Her struggle to find that balance has led her to try to help other moms who are dealing with the same dilemma. “My larger calling in life for now is to try to encourage moms to stay in the business,” says Cerf. “To not totally give up on their creative dreams or desires. It’s not a very stable career to have sometimes when you’re raising children.”

Meanwhile, she’s also just released her sophomore “folk” album, 7 Year Itch, the title reflecting the number of years since her debut album, Fixin’ It Upright. The new album is co-produced by Sebastien Lefebvre of Montréal pop-punk band Simple Plan. Cerf calls 7 Year Itch the “premonition album” because its songs of relationship strife and life changes were written about a year before her split with her husband. (The two remain very good friends who co-parent, and still work on music together.)

“My larger calling in life for now is to try to encourage moms to stay in the business.

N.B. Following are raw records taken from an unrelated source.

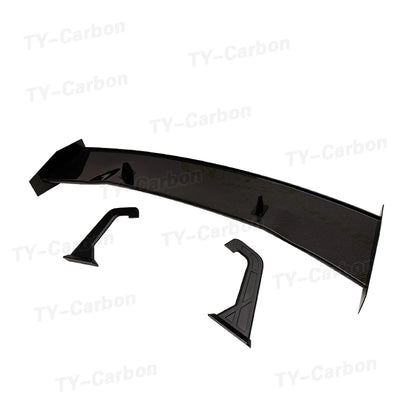 Aileron Carbone BMW M2 M3 M4 Série 3 4 5 - vue arrière - Becquet Voiture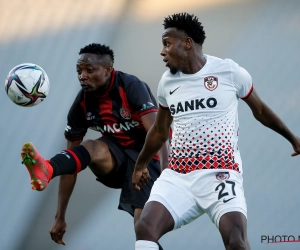 Rode kaart tegen KV Kortrijk in de Croky Cup breekt Hamza Mendyl van OHL zuur op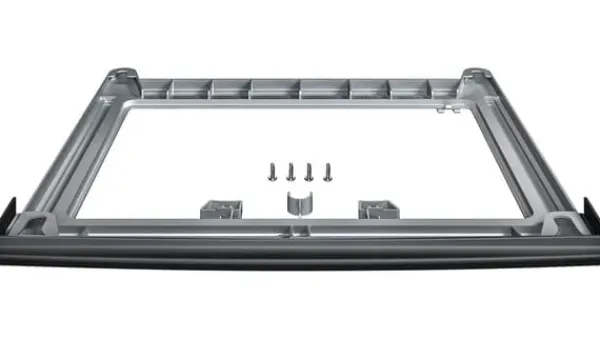 Bosch Vaskemaskiner>WTZ2741C vaskemaskine reservedele/tilbehør Stablingssæt 1 stk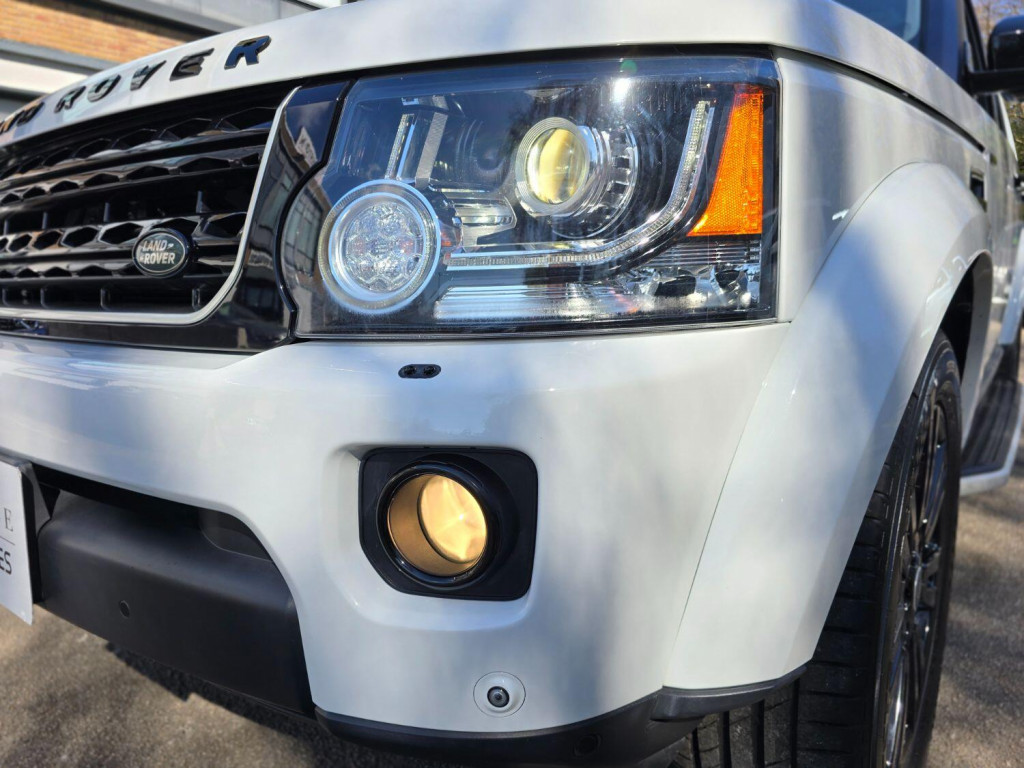 LAND ROVER DISCOVERY 4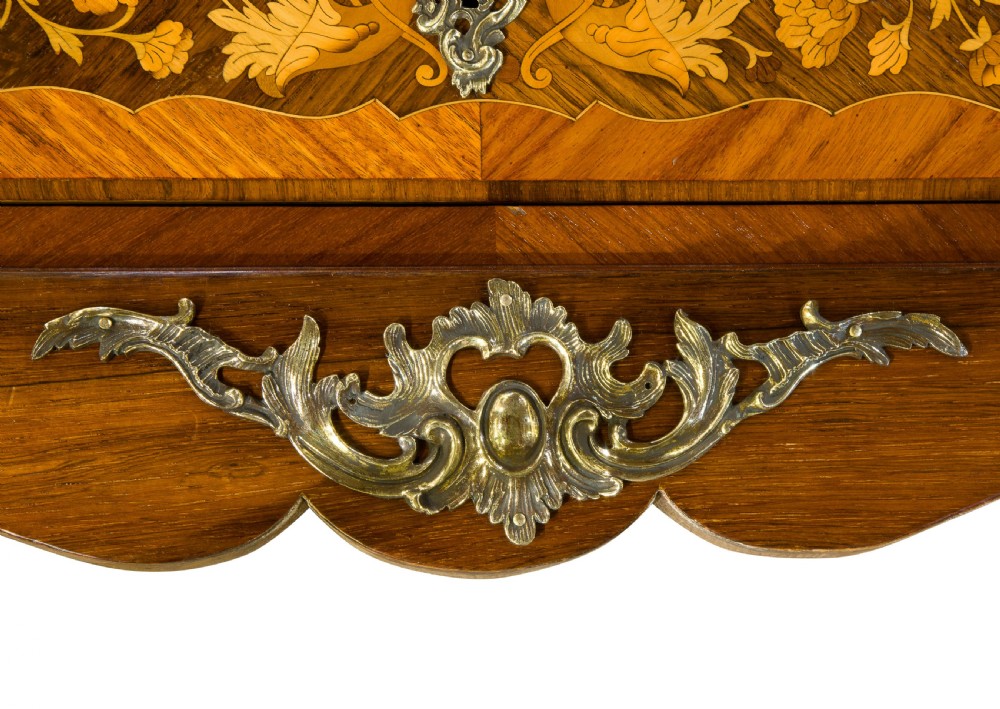 French Louis XV style chest of 6 drawers View VII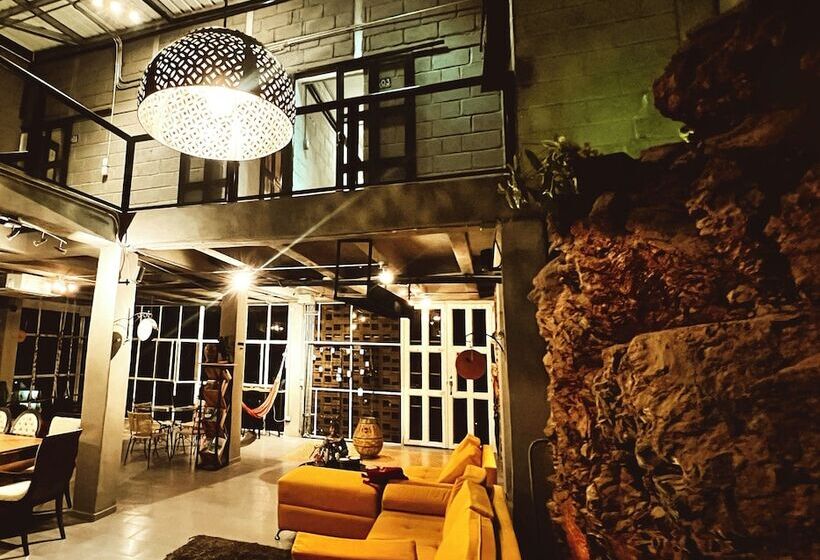 호텔 Casa Thalasea Spa Taganga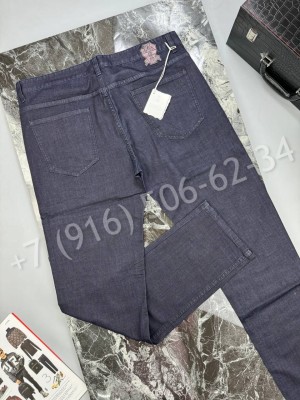 Джинсы Brunello Cucinelli 31031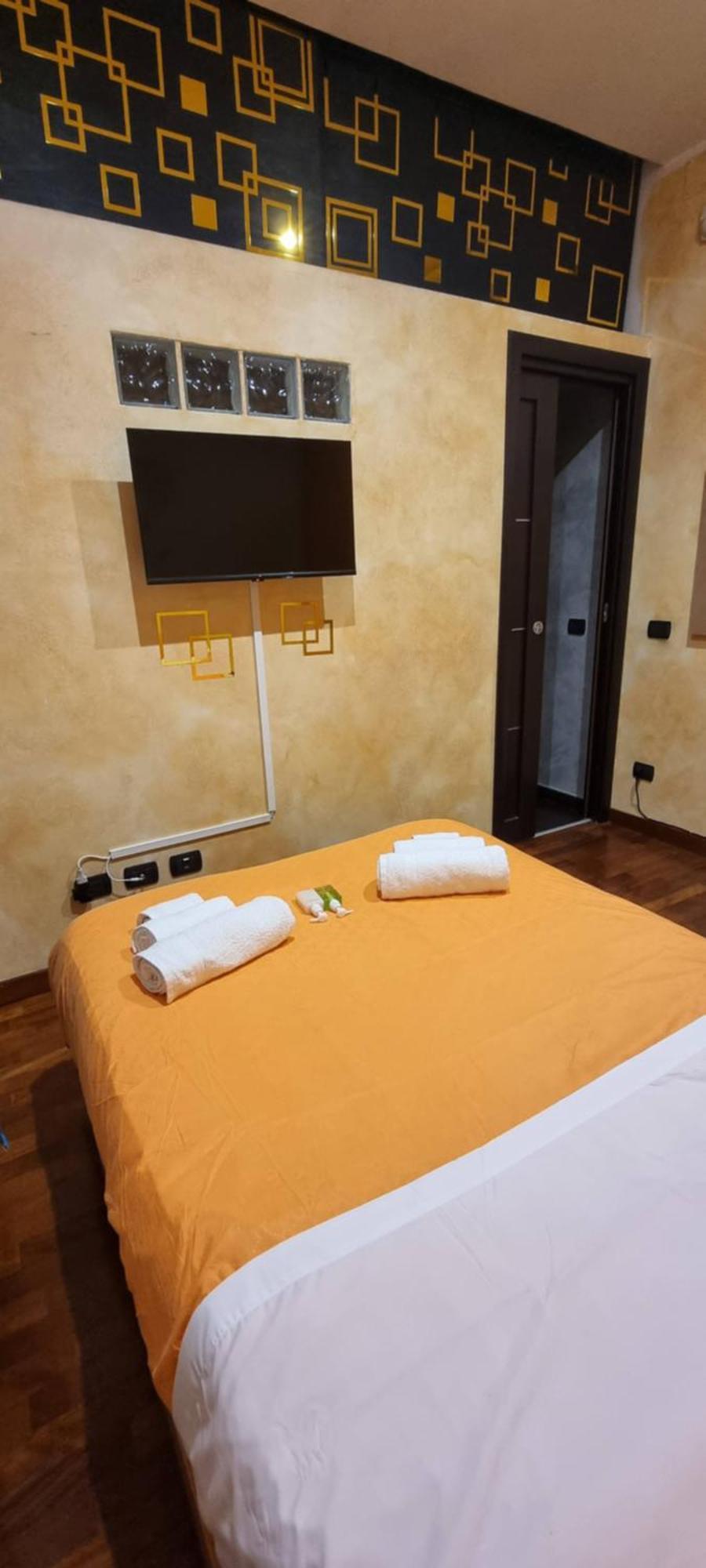 Wanderlust Pietralata B&B Rzym Zewnętrze zdjęcie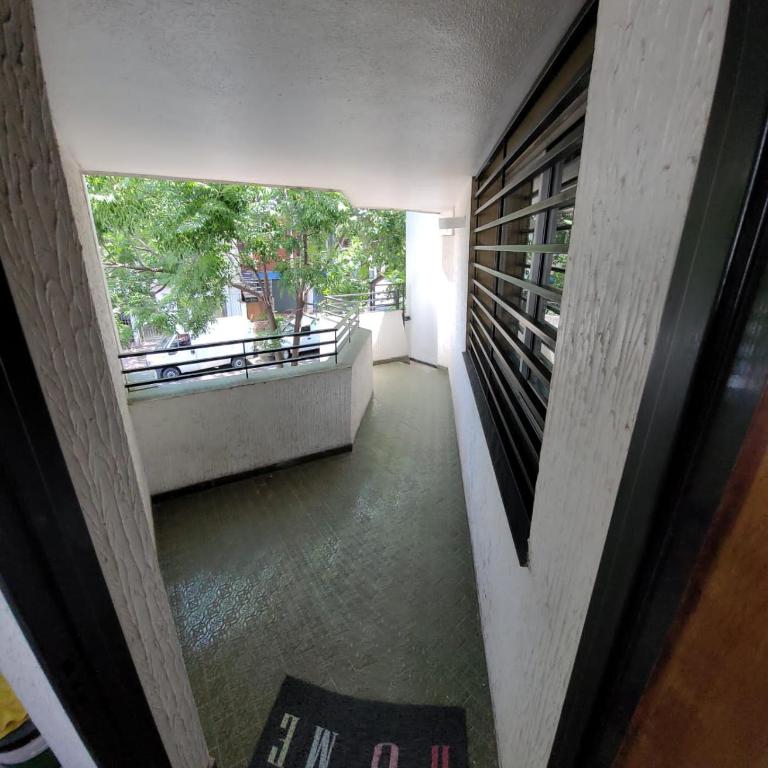 Departamento en el centro de Mendoza - Apartamento de 2 dormitorios - 4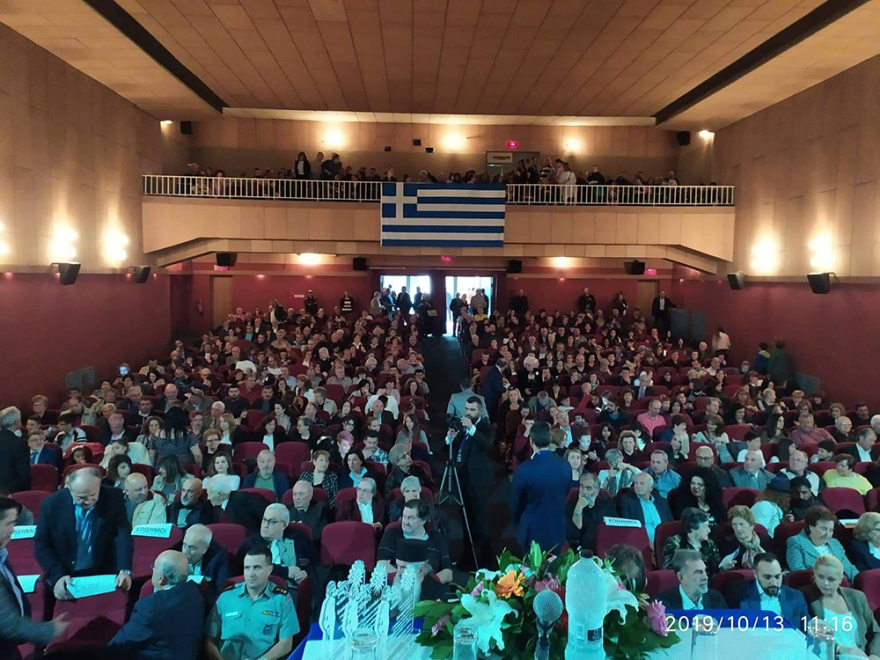 «Παύλος Μελάς»: Η απαγορευμένη ταινία επέστρεψε 45 χρόνια μετά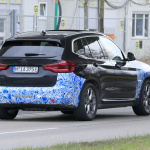 BMW iX3はWLTPテストサイクルで440kmを目指して開発中 - Spy-Photo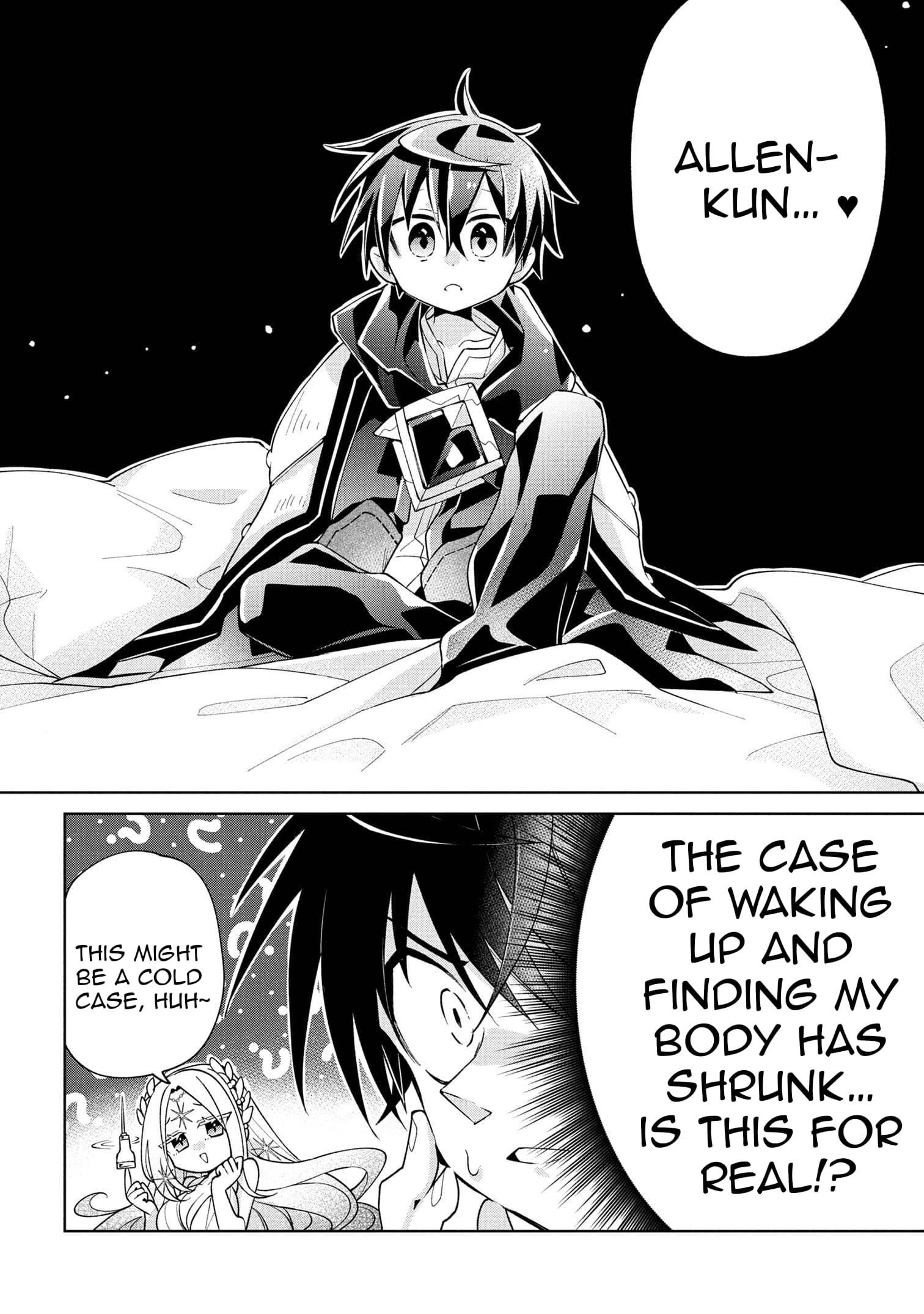 Due to their appreciation and expectations, I can’t exploit my slaves Chapter 18 - Page 26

It’s not a very stable career to have sometimes when you’re raising children.”

“As we were going through the separation process, I was listening to these songs all the time,” she says. “I realized at that point there was sort of a subconscious thing going on. It really helped me to get through that period of time, and also kind of find my footing and figure out who I am as a person and an artist, outside of being a mom.”

Cerf continues to follow her creative dreams. At the end of July, she had “the experience of a lifetime” filming her role in a feature film called Song of Granite, an Irish/Canadian biopic about traditional Irish singer Joe Heaney.

And while she works on the book, there are also more music projects on the schedule. She’s working on an acoustic album of her trance hits, and she’s also been “secretly” recording an album with Canadian/Czech duo Lesko Cerf (her ex-husband, Matt, and Czech producer Petr Lesko) that should be finished by the end of September.

But we’re still left wondering how this woman does it all. Turns out she draws inspiration from her Wyoming upbringing.

“It’s like crop rotation in a way,” says Cerf. “I’ll do the songwriting for a stretch, and then when I feel like that is exhausted, I have to rotate crops. So then I have to focus on production or maybe working on this book project. That’s why I have a lot of different things going on, but it’s all art and it’s all music-related, and it all has that common core of what I want to do and how I want to help people. That’s the goal.”